Como o Pagamento por Serviços Ambientais pode contribuir para a regularização ambiental de imóveis rurais?

25/10/23 - Erika de Paula Pedro Pinto

Baixo Carbono | Meio Ambiente | Política | Segurança Alimentar | Uso da Terra

Como o Pagamento por Serviços Ambientais pode contribuir para a regularização ambiental de imóveis rurais?

Estratégias para aumentar a resiliência dos sistemas produtivos e a integridade ambiental em um cenário de crise climática.

A regularização ambiental de imóveis rurais tem sido um desafio. O Brasil tem cerca de 20 milhões de hectares de vegetação que devem ser restauradas dentro dos imóveis rurais de acordo com o Observatório do Código Florestal (OCF, 2022). Diante da vulnerabilidade do setor agropecuário aos impactos das alterações climáticas, a regularização ambiental pode ser vista como uma estratégia de adaptação às mudanças climáticas, com potencial para reduzir riscos futuros de perdas de safras e garantir a segurança alimentar e hídrica. 

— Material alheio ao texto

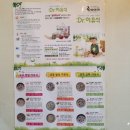 치즈바다 이미지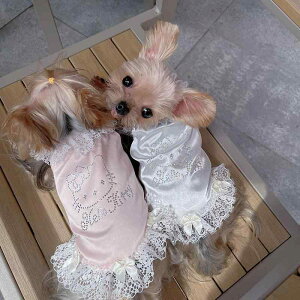 ^p hX 킢 ybg tFCN VNpW} p iCgKE TXy_[ XJ[g L  efB [NV[eA ^  q hX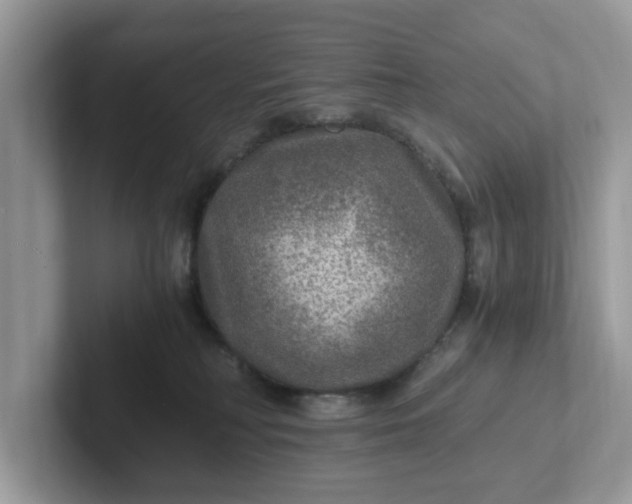 X0000101440230200807211219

A capacidade do país continuar produzindo alimentos depende de um clima equilibrado. Pesquisadores estimam que o aquecimento e a estação seca na região Amazônia-Cerrado, responsável por metade da produção agrícola do país, já inviabilizaram 28% das terras agrícolas. Até 2060, este percentual pode chegar a 74% (Rattis et al., 2021). O sistema agrícola brasileiro depende de um clima estável para sustentar a sua produção (ANA, 2017). Neste sentido, a restauração de áreas degradadas, como pastagens, e a manutenção dos remanescentes florestais são estratégias a serem perseguidas.

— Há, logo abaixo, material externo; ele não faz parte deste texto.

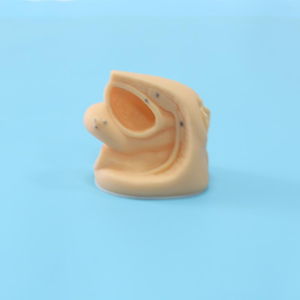 BIX-H6D Female Medical Anatomical 3D Model for Training Genitalis Urethral Catheterization Simulator Medical Science <strong>Human</strong> Model - Product Image 3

O desenvolvimento econômico rural não pode mais estar desassociado dos esforços voltados à manutenção e/ou recuperação da integridade ambiental. Na Amazônia, pesquisadores estimam que um hectare de floresta desmatada corresponde à perda de até US$ 737 em serviços ecossistêmicos (Strand et al., 2018). Enquanto isso, o retorno da pecuária, principal vetor de desmatamento, gira em torno de 30 a 100 dólares por hectare ao ano na região (Nobre & Nobre, 2020). Apesar do seu valor intrínseco, incluindo sua biodiversidade e a existência de povos indígenas e tradicionais (Fearnside, 2021), a Amazônia já perdeu cerca de 20-25% da sua cobertura florestal. 

A Lei de Proteção da Vegetação Nativa (nº 12.651), ou Novo Código Florestal, foi instituída em 2012 visando estabelecer regras gerais para a proteção da vegetação, incluindo Áreas de Preservação Permanente (APP) e Reserva Legal (RL). Apesar de restringir a área da propriedade rural destinada à produção agropecuária, a lei também prevê instrumentos econômicos para o aumento da produtividade nas áreas já consolidadas e para a manutenção e/ou recuperação de serviços ecossistêmicos (Lopes et al., 2023). 

Para a regularização dos imóveis rurais com passivos ambientais, ou seja, com RL ou APP que devem ser recuperadas, a lei exige a adesão dos proprietários rurais ao Programa de Regularização Ambiental (PRA) por meio da apresentação ao órgão ambiental responsável de um Projeto de Recuperação de Áreas Degradadas e Alteradas (PRADA). No caso da vegetação de APP de cursos d´água, nascentes e lagos, a recuperação pode ser feita por meio de regeneração natural, plantio de espécies nativas ou combinação da regeneração natural com plantio de espécies nativas. Na Reserva Legal é também possível fazer a recomposição da vegetação usando sistemas agroflorestais (Lopes et al., 2023). 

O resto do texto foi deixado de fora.